**INSTRUCTIONS TO FOLLOW:**
Reproduce what is written in the records below exactly, and leave out the images.

[Records from a collection]
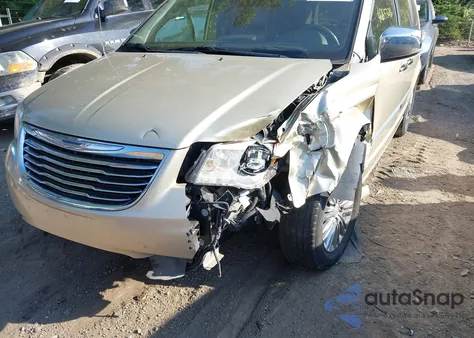 2011 Chrysler Town & Country Limited z USA, uszkodzony, nr VIN 2A4RR6DG1BR780102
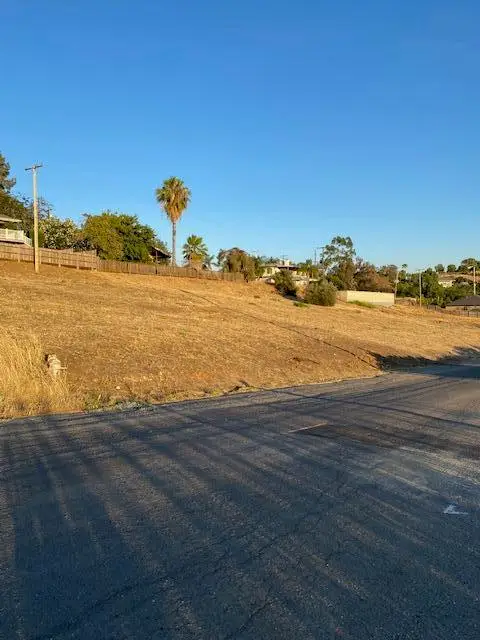 N Rancho Vista Avenue #3, Lindsay, CA 93247 - #2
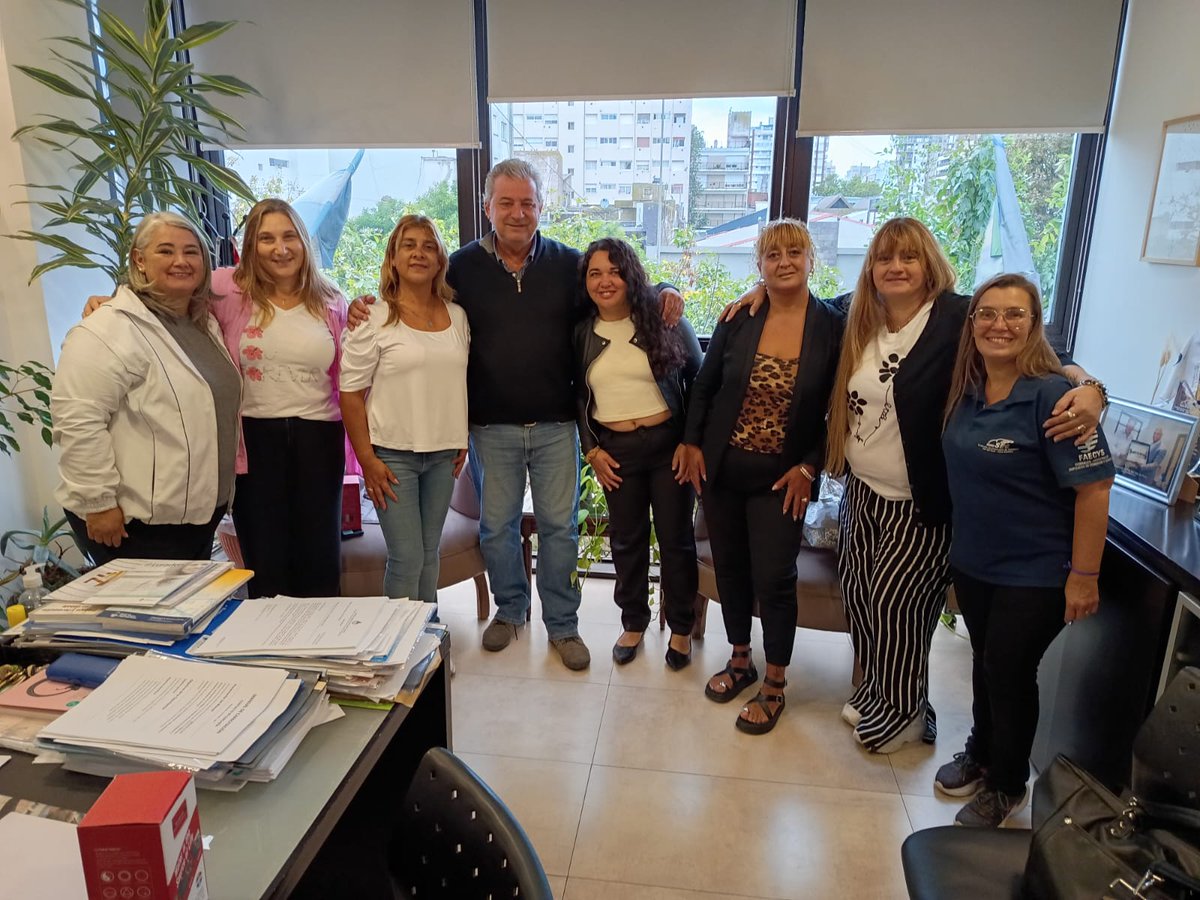 🤝 Recibimos la visita de las compañeras del Sindicato de Empleados de Comercio de Campana.

Un encuentro de compañerismo y compromiso, fortaleciendo los lazos entre nuestras organizaciones 💪

🙌 Gracias por la visita y un abrazo a Luis Juárez, secretario general del SEC Campana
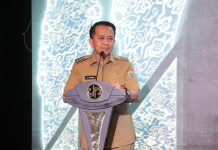 Dirjen Bina Keuangan Daerah Agus Fatoni Terima Penghargaan dari Kementerian BUMN sebagai Pembina Samsat Nasional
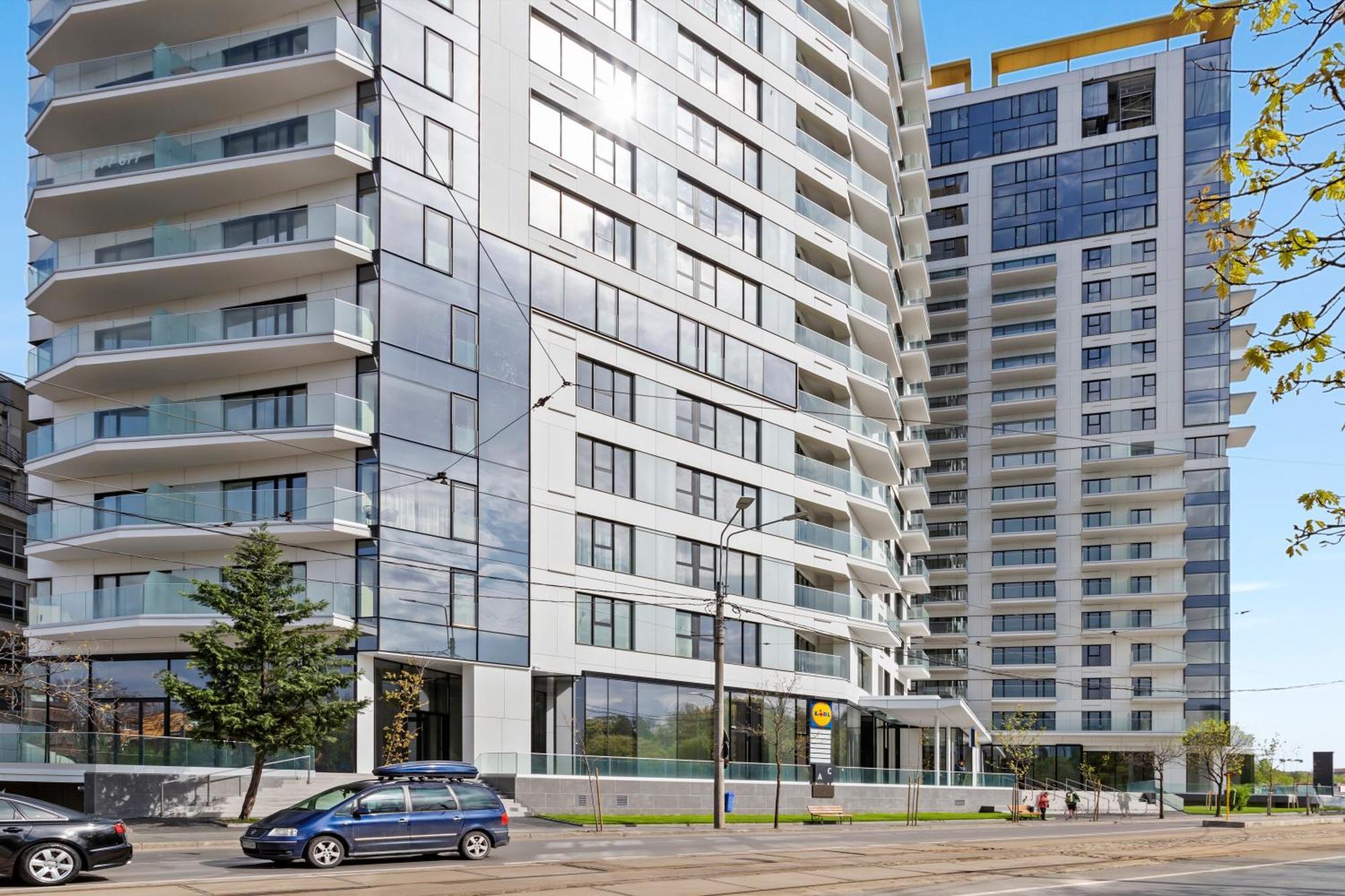 One Verdi Luxury Apartments Бухарест Экстерьер фото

**EXERCISE ANSWER:**
 2011 Chrysler Town & Country Limited z USA, uszkodzony, nr VIN 2A4RR6DG1BR780102
 N Rancho Vista Avenue #3, Lindsay, CA 93247 - #2
 🤝 Recibimos la visita de las compañeras del Sindicato de Empleados de Comercio de Campana.

Un encuentro de compañerismo y compromiso, fortaleciendo los lazos entre nuestras organizaciones 💪

🙌 Gracias por la visita y un abrazo a Luis Juárez, secretario general del SEC Campana
 Dirjen Bina Keuangan Daerah Agus Fatoni Terima Penghargaan dari Kementerian BUMN sebagai Pembina Samsat Nasional
 One Verdi Luxury Apartments Бухарест Экстерьер фото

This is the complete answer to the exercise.